Agnes and I made the same long trek to the ward where Lily was. Clusters of visitors gathered round the beds. The curtains were drawn around Lily’s. She was asleep and her head was bandaged.
We pulled up chairs on either side of the bed. Agnes took Lily’s hand in her own. I said I’d go see if there was anyone about we could talk to, left them to it.
There was a new shift of nurses on duty. When I enquired about Lily one of them checked the board. ‘Post-op. She’s had the surgery. She’ll probably sleep through till the morning. We’ll be checking on her throughout the night.’
‘Do you know how it went?’ I asked.
‘Not in detail,’ she smiled, ‘but she’s resting now and everything seems to be going as we’d expect. It’ll be several days before we can be sure. They’ll do more scans to check and so on but she seems to be doing very well so far.’
I reported back to Agnes. Lily lay very still. Only a slight but regular movement in her throat showed us she was breathing.

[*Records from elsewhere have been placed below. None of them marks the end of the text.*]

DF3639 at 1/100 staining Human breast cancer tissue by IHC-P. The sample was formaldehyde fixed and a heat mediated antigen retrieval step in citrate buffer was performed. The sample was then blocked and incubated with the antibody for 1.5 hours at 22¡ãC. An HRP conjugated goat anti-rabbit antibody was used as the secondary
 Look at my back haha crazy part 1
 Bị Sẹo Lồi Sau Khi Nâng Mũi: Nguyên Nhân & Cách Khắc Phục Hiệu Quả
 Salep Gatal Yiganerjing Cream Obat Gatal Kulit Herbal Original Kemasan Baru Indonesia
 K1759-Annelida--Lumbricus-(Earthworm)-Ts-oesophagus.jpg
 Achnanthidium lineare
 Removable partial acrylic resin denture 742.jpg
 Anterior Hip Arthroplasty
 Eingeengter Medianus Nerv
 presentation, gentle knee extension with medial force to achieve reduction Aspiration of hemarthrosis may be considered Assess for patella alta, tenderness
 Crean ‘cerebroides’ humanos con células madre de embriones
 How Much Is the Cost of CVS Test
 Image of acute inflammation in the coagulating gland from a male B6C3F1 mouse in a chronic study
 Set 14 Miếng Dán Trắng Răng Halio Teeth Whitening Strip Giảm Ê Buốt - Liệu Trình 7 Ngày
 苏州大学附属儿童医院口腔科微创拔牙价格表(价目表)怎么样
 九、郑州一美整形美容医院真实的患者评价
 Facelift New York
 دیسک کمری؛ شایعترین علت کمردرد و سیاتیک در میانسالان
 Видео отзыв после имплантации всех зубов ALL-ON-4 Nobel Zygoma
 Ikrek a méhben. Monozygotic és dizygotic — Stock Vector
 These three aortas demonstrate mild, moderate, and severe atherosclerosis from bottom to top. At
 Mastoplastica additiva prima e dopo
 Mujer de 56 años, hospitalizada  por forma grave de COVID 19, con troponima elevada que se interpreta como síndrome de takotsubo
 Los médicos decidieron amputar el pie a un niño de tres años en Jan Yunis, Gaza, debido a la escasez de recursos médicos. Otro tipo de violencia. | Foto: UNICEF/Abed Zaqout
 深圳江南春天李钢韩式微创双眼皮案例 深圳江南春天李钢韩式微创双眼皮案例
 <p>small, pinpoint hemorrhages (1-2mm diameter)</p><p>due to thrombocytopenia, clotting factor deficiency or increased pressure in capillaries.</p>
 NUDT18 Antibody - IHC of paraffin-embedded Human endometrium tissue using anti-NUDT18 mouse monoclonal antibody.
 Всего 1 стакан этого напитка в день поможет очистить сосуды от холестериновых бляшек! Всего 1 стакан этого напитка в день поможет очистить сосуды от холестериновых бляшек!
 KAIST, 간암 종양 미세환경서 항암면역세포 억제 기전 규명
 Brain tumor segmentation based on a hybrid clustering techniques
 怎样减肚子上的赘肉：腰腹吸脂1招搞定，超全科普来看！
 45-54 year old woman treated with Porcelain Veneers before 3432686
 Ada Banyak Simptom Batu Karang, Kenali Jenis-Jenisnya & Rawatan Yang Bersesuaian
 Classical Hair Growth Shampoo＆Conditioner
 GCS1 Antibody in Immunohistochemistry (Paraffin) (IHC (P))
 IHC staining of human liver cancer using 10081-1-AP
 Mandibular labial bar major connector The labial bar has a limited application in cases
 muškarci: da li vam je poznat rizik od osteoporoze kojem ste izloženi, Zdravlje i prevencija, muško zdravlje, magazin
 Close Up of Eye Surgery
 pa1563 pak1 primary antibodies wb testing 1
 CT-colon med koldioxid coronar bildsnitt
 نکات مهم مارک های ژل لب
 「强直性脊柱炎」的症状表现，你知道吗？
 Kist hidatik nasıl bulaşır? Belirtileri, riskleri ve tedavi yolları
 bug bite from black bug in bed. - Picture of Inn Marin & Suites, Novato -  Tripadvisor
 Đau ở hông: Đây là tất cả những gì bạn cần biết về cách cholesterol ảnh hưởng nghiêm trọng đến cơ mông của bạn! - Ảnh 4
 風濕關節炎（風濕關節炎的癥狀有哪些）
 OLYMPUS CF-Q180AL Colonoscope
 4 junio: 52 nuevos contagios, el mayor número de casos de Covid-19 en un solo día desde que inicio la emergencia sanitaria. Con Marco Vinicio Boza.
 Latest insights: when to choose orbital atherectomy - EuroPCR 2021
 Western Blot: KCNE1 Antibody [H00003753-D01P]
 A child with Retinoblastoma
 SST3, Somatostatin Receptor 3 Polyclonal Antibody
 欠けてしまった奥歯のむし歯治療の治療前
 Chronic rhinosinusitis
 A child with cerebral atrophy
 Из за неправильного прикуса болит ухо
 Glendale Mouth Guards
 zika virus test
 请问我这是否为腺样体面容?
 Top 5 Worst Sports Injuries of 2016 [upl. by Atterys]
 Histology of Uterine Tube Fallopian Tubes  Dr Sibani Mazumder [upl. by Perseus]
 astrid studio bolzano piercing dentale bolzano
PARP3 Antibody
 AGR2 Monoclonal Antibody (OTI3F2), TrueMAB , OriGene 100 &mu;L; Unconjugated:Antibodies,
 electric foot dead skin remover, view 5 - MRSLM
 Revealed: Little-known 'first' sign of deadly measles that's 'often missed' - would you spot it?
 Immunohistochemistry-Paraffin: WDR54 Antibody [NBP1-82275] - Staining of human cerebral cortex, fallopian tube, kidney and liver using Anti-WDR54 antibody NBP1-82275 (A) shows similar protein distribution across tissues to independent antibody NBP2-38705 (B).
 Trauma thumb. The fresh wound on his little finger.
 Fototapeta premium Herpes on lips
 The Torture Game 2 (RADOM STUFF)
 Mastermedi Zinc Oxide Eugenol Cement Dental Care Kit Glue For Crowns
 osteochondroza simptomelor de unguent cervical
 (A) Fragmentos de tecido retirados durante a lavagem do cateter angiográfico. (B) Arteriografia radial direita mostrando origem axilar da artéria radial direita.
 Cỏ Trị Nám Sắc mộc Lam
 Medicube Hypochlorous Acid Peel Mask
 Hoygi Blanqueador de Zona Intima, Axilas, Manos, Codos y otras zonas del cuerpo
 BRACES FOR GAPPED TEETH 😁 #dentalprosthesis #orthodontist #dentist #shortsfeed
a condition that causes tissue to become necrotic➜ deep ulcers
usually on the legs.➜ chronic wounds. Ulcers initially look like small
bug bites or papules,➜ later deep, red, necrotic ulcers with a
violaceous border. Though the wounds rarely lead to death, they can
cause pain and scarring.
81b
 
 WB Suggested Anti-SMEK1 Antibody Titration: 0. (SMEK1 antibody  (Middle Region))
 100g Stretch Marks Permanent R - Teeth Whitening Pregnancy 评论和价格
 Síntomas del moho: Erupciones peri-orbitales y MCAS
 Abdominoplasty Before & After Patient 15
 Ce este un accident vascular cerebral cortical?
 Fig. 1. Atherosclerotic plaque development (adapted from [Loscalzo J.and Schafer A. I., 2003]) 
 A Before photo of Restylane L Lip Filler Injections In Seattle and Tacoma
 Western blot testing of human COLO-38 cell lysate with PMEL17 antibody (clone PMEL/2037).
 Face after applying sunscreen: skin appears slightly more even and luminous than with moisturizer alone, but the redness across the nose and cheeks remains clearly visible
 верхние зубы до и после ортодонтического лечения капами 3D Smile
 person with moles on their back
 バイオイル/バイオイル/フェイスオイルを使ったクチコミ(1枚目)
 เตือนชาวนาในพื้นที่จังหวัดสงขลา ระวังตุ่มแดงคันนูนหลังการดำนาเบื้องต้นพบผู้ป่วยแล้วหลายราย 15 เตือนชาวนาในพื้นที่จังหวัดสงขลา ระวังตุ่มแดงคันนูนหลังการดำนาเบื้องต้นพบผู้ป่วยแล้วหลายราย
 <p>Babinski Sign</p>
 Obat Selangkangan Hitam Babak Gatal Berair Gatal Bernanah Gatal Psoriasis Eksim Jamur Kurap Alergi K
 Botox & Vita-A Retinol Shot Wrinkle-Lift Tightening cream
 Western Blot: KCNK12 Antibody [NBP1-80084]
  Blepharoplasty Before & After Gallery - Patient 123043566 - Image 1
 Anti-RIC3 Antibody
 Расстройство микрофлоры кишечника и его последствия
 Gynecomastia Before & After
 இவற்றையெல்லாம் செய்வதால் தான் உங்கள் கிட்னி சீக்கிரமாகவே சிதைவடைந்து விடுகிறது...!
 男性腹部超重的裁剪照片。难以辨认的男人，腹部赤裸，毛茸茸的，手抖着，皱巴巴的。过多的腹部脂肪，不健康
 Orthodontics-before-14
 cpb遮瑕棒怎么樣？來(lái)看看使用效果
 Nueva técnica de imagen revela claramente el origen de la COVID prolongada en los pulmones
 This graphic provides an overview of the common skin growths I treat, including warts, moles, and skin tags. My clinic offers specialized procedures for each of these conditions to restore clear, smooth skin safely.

‘I’ve been finding out a bit about Dr Goulden’s caseload,’ I said. Agnes was listening attentively. ‘He’s referred six patients to Kingsfield in the last twelve months. I don’t know how many beds there are but the place is meant to serve the whole of South Manchester, and those six are from just one GP, just two homes.’
‘Were any of them like Lily? Did any of them seem all right until they went into the home?’
‘Maybe one, a bloke called Philip Braithwaite. He seemed to go downhill quickly, then they found a tumour, they did a biopsy but he got flu and died while he was here.’
‘So it could have been the tumour that complicated things,’ she mused. ‘And the others?’
‘Classic symptoms, nothing unusual, came here for scans, ended up in Kingsfield.’
We were interrupted by the nurse I’d spoken to earlier. She wanted to check Lily’s pulse and temperature.
Agnes asked how long Lily would be in hospital and whether she could tell us if the scans they had done had told them anything about her Alzheimer’s.
‘I’m sorry,’ she made notes on the chart and clipped it back on the bed, ‘I don’t know. You need to speak to Mr Simcock about that.’
At eight o’clock we left, along with the last of the other visitors, and I drove Agnes home. She wanted to speak to Charles and I was keen to find out what he knew. I followed her through to her back room where the phone was. It was bitterly cold and we both kept our coats on. The room was much more lived in than her lounge and still sported an old-fashioned creel suspended from the ceiling where clothes could be hung to dry. Edges of green lino showed around the large Indian rug that covered most of the floor. The wallpaper was some faded leaf design and here and there paintings and old photos hung. She lit the gas fire and left it on full. She found and dialled the number.